* [What to produce]: With the first line as the start and the line containing "Machine à œillets" as the end, write out every line of the records exactly.

* [Records shown]:
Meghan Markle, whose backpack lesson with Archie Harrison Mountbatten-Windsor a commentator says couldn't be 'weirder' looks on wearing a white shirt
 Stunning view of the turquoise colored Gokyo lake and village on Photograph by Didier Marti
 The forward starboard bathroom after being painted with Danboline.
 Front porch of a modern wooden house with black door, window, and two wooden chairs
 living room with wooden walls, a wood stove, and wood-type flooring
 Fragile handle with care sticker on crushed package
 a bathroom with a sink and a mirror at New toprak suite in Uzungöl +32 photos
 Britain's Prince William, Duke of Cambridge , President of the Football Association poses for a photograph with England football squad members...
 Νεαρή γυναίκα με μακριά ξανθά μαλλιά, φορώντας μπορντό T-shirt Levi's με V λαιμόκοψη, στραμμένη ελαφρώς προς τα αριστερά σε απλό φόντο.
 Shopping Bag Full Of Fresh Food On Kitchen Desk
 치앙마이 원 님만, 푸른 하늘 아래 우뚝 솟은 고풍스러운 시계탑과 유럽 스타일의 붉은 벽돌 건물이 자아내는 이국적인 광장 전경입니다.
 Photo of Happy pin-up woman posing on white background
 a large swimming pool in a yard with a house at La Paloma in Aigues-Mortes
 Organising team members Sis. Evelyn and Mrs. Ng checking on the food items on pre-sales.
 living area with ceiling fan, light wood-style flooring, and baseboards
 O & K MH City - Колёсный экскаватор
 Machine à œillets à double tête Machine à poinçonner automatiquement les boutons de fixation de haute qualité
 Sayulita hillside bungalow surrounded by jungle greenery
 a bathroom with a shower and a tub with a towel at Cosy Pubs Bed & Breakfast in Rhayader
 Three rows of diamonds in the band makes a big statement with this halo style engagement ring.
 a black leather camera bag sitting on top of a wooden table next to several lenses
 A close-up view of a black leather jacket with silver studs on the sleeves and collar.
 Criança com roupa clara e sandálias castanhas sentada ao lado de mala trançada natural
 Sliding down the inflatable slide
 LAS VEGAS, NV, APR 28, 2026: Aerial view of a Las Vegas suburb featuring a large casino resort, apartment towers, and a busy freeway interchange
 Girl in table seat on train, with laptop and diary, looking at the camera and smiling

* [Output]:
Meghan Markle, whose backpack lesson with Archie Harrison Mountbatten-Windsor a commentator says couldn't be 'weirder' looks on wearing a white shirt
 Stunning view of the turquoise colored Gokyo lake and village on Photograph by Didier Marti
 The forward starboard bathroom after being painted with Danboline.
 Front porch of a modern wooden house with black door, window, and two wooden chairs
 living room with wooden walls, a wood stove, and wood-type flooring
 Fragile handle with care sticker on crushed package
 a bathroom with a sink and a mirror at New toprak suite in Uzungöl +32 photos
 Britain's Prince William, Duke of Cambridge , President of the Football Association poses for a photograph with England football squad members...
 Νεαρή γυναίκα με μακριά ξανθά μαλλιά, φορώντας μπορντό T-shirt Levi's με V λαιμόκοψη, στραμμένη ελαφρώς προς τα αριστερά σε απλό φόντο.
 Shopping Bag Full Of Fresh Food On Kitchen Desk
 치앙마이 원 님만, 푸른 하늘 아래 우뚝 솟은 고풍스러운 시계탑과 유럽 스타일의 붉은 벽돌 건물이 자아내는 이국적인 광장 전경입니다.
 Photo of Happy pin-up woman posing on white background
 a large swimming pool in a yard with a house at La Paloma in Aigues-Mortes
 Organising team members Sis. Evelyn and Mrs. Ng checking on the food items on pre-sales.
 living area with ceiling fan, light wood-style flooring, and baseboards
 O & K MH City - Колёсный экскаватор
 Machine à œillets à double tête Machine à poinçonner automatiquement les boutons de fixation de haute qualité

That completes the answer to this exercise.